Omit the pictures and print exactly the lines of the listing below, starting at the first and ending at the line containing "Vibration screening machine".

THE RECORDS -
=== Begin Enclosure ===

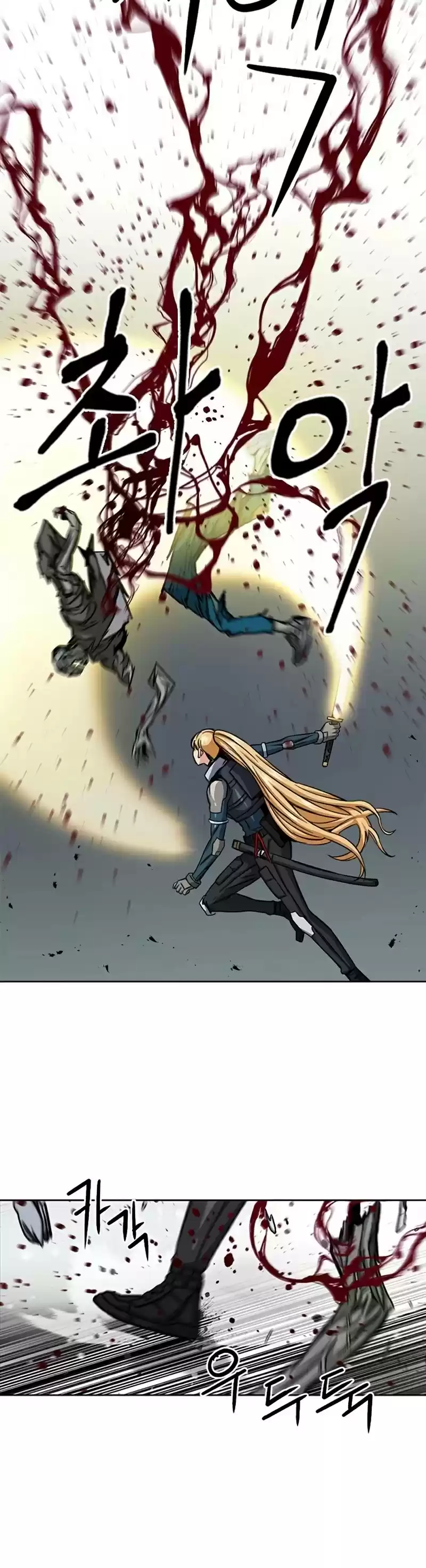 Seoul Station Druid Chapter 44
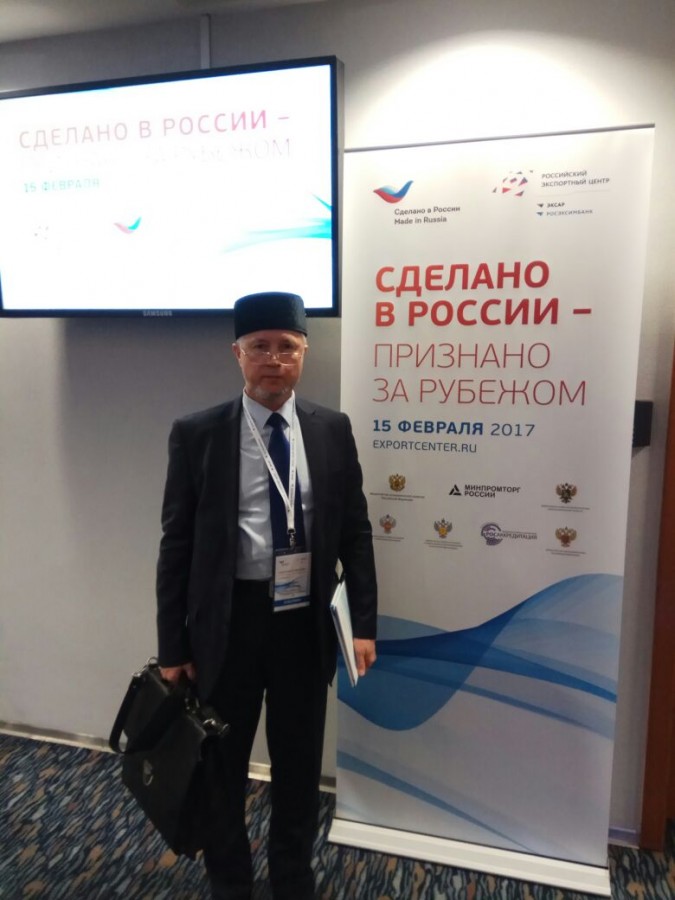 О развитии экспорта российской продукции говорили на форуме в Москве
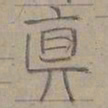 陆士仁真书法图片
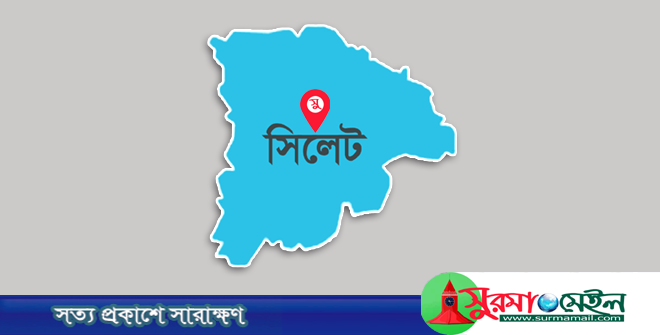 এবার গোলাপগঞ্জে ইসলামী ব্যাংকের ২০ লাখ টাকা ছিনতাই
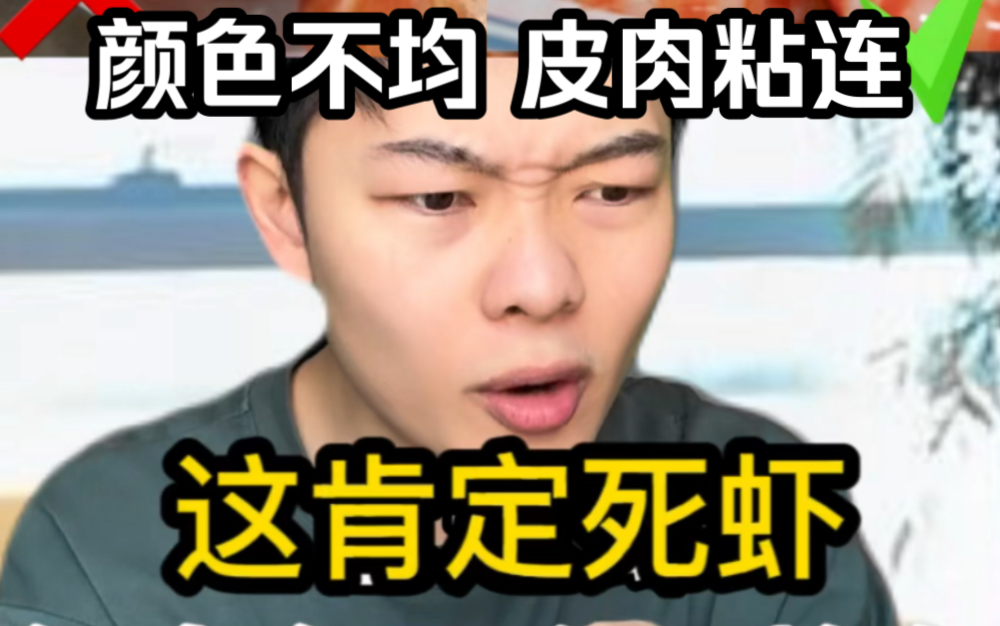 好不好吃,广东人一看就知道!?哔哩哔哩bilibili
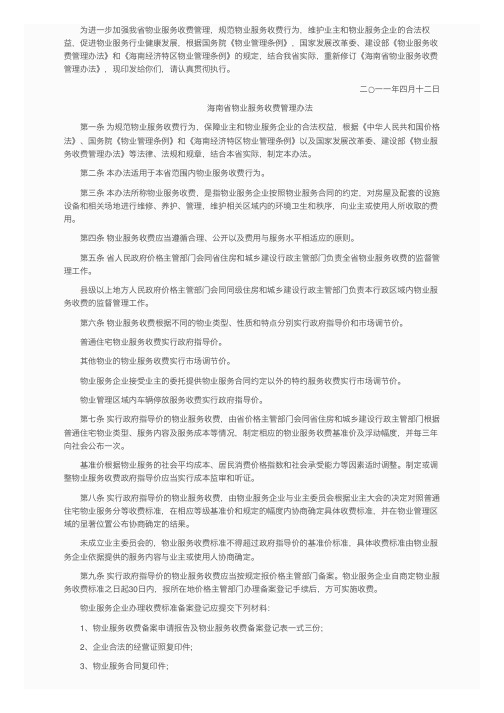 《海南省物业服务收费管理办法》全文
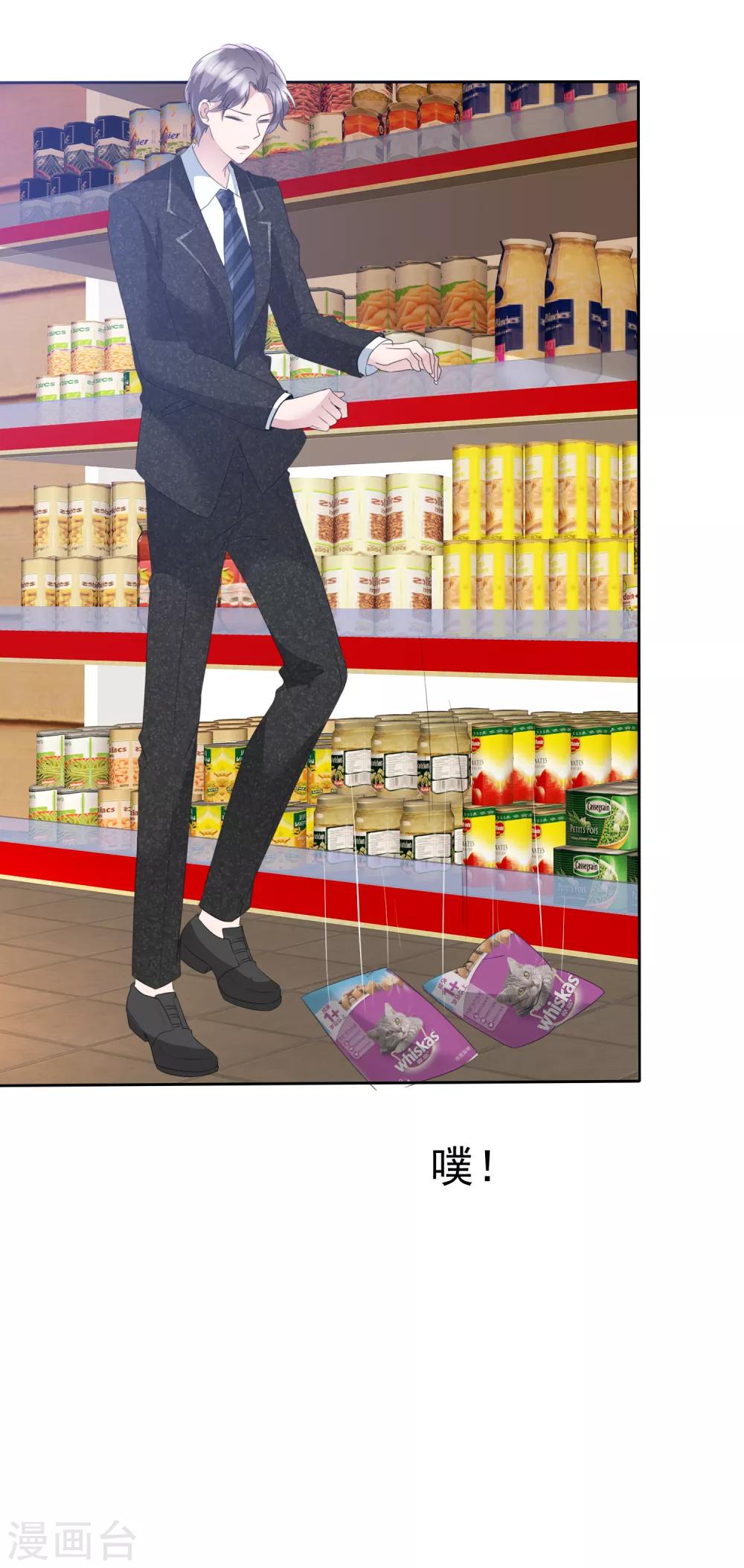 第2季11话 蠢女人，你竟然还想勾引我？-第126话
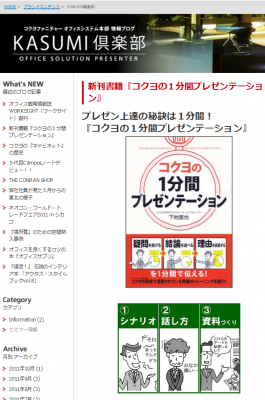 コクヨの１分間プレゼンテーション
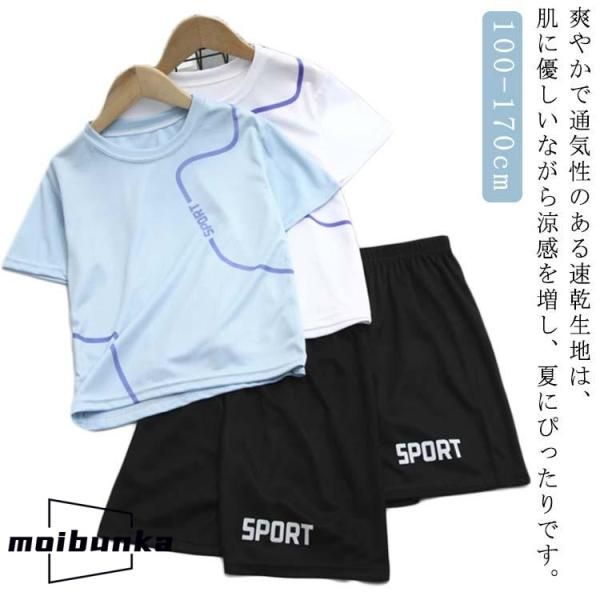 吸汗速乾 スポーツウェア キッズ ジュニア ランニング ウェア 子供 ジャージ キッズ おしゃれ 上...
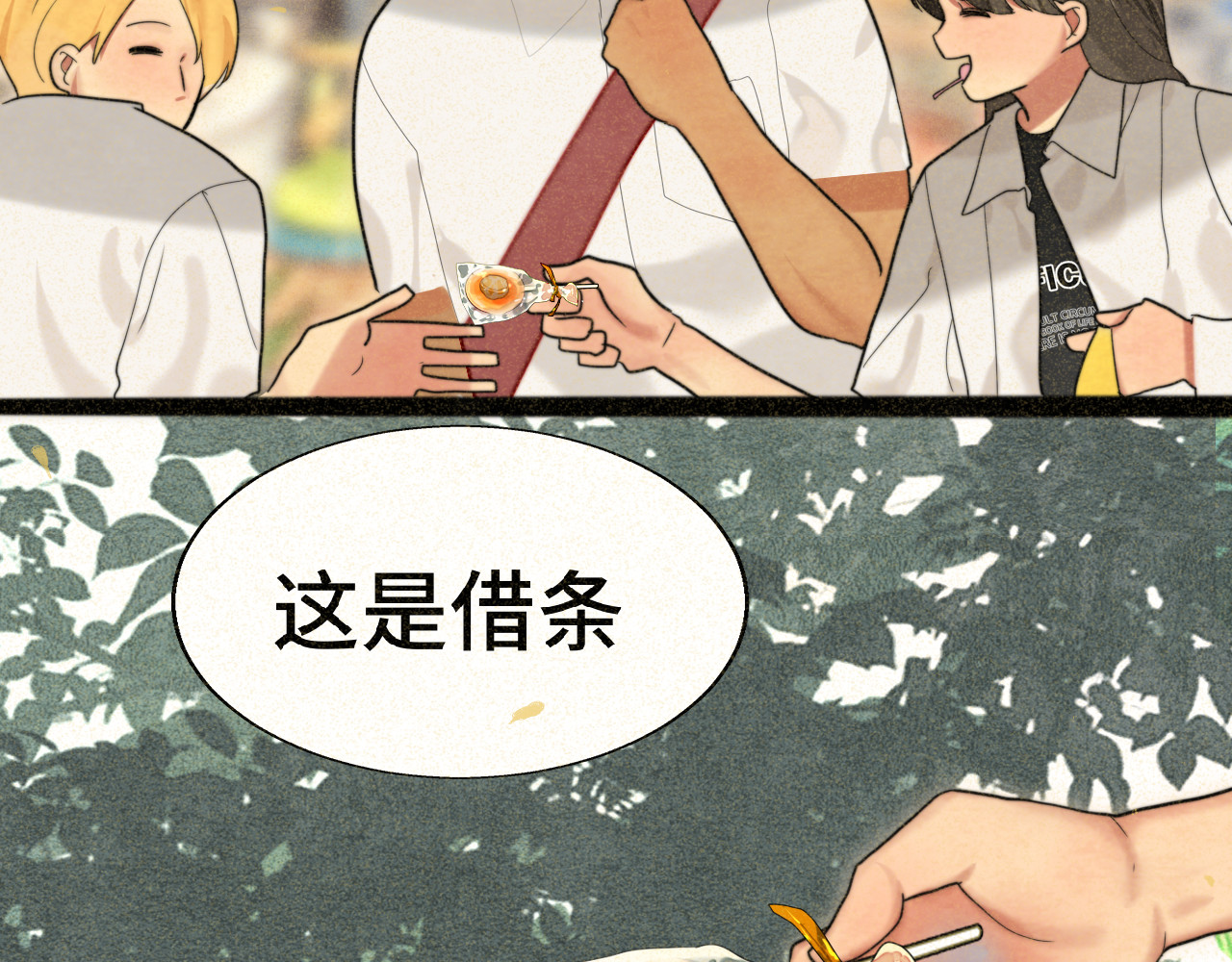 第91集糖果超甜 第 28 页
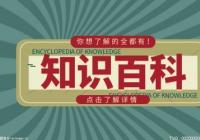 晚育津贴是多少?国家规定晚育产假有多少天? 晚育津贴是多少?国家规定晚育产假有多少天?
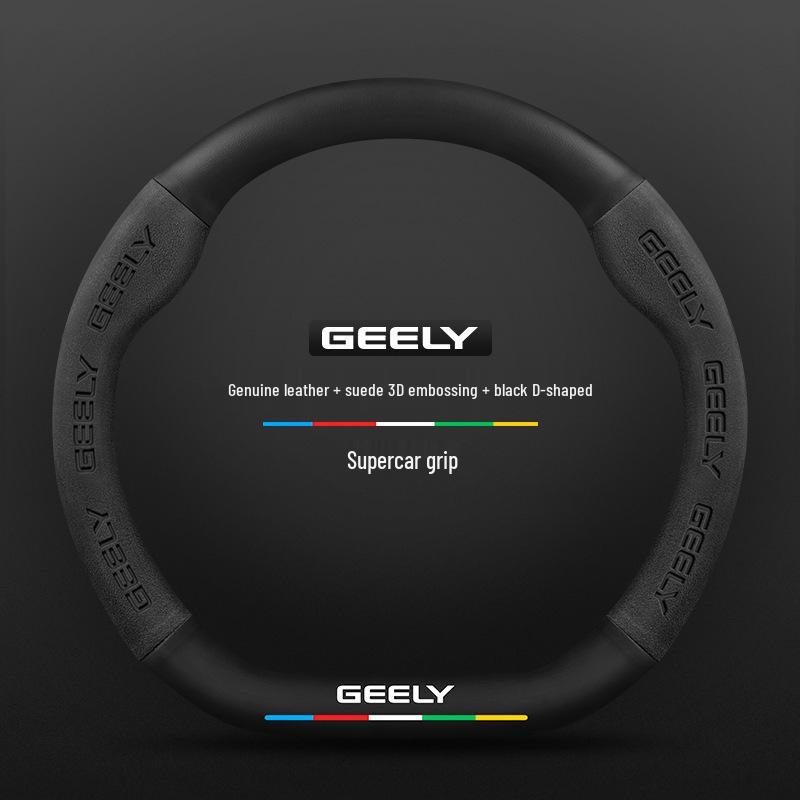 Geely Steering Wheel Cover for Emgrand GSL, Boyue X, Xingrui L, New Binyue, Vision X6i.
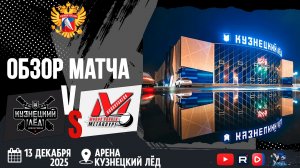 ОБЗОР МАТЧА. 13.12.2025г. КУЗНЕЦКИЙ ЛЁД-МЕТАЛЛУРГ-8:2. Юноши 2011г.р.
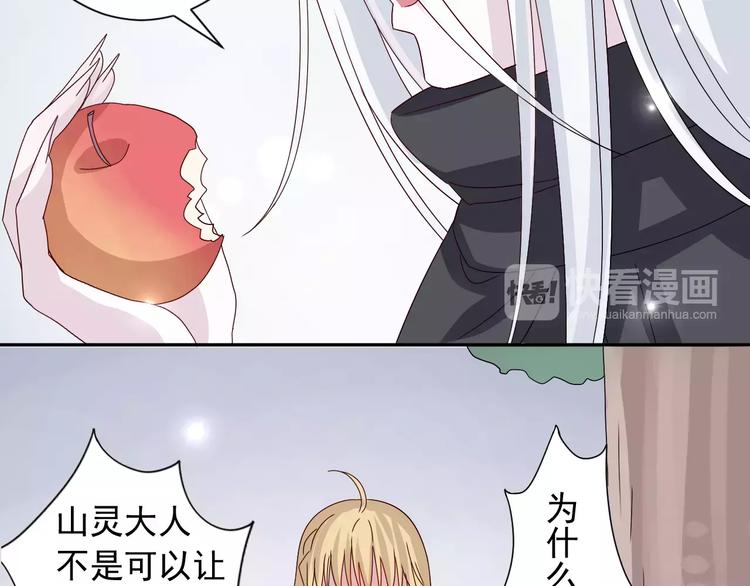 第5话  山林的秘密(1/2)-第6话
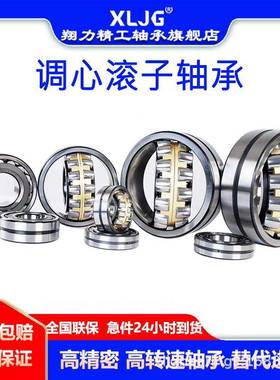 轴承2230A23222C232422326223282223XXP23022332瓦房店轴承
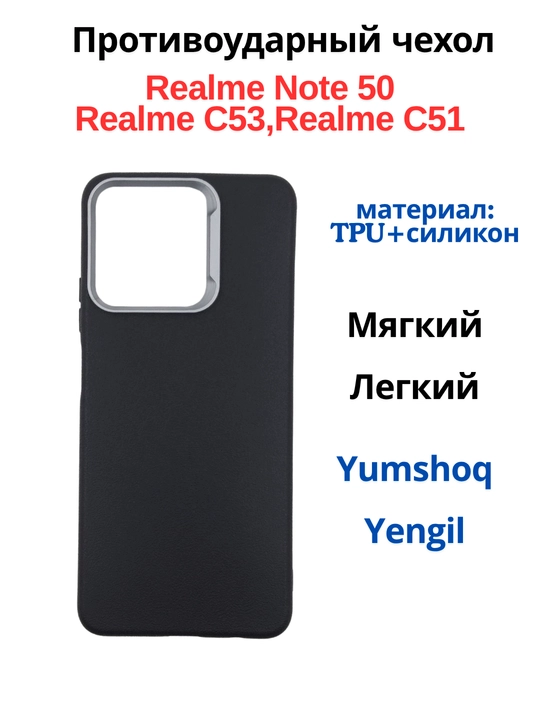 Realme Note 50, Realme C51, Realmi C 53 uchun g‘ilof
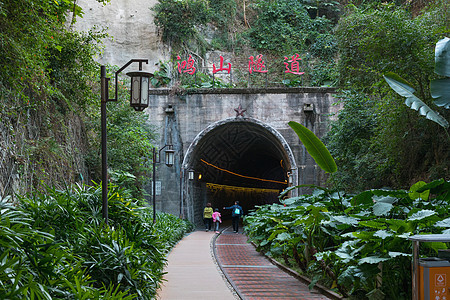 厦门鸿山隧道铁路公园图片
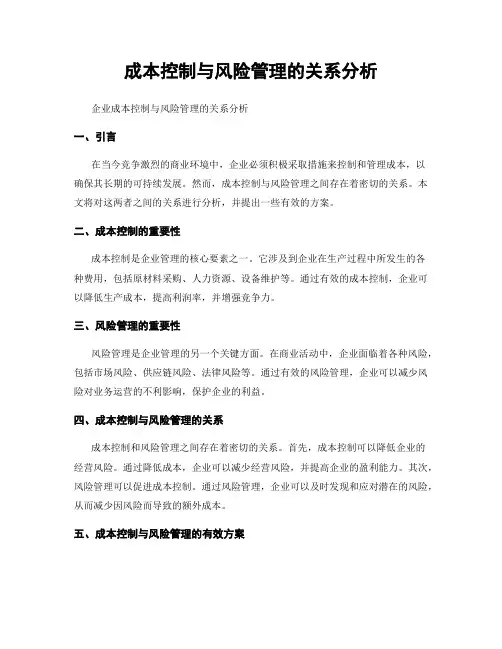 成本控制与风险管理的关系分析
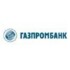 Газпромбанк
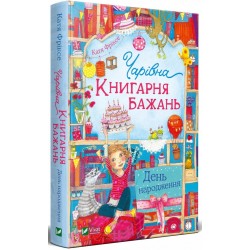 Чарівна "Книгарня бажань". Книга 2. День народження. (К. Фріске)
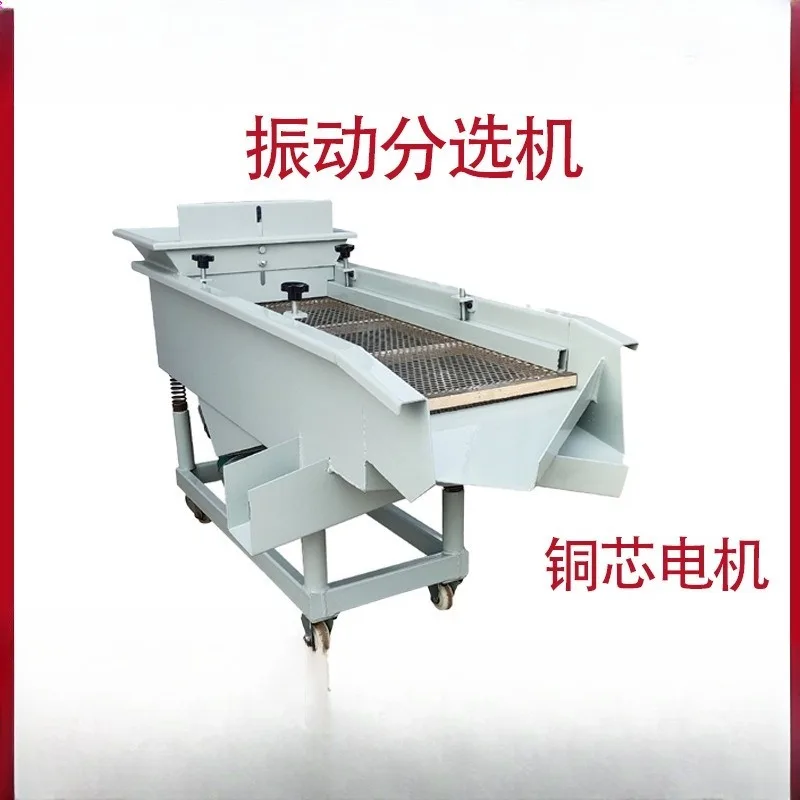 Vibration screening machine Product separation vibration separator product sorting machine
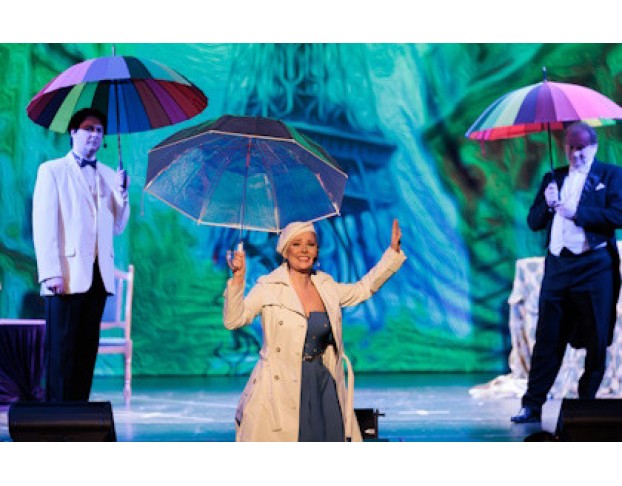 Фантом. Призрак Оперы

=== End Enclosure ===

THE ANSWER -
 Seoul Station Druid Chapter 44
 О развитии экспорта российской продукции говорили на форуме в Москве
 陆士仁真书法图片
 এবার গোলাপগঞ্জে ইসলামী ব্যাংকের ২০ লাখ টাকা ছিনতাই
 好不好吃,广东人一看就知道!?哔哩哔哩bilibili
 《海南省物业服务收费管理办法》全文
 第2季11话 蠢女人，你竟然还想勾引我？-第126话
 コクヨの１分間プレゼンテーション
 吸汗速乾 スポーツウェア キッズ ジュニア ランニング ウェア 子供 ジャージ キッズ おしゃれ 上...
 第91集糖果超甜 第 28 页
 晚育津贴是多少?国家规定晚育产假有多少天? 晚育津贴是多少?国家规定晚育产假有多少天?
 Geely Steering Wheel Cover for Emgrand GSL, Boyue X, Xingrui L, New Binyue, Vision X6i.
 ОБЗОР МАТЧА. 13.12.2025г. КУЗНЕЦКИЙ ЛЁД-МЕТАЛЛУРГ-8:2. Юноши 2011г.р.
 第5话  山林的秘密(1/2)-第6话
 轴承2230A23222C232422326223282223XXP23022332瓦房店轴承
 Realme Note 50, Realme C51, Realmi C 53 uchun g‘ilof
 厦门鸿山隧道铁路公园图片
 成本控制与风险管理的关系分析
 Газпромбанк
 Чарівна "Книгарня бажань". Книга 2. День народження. (К. Фріске)
 Vibration screening machine Product separation vibration separator product sorting machine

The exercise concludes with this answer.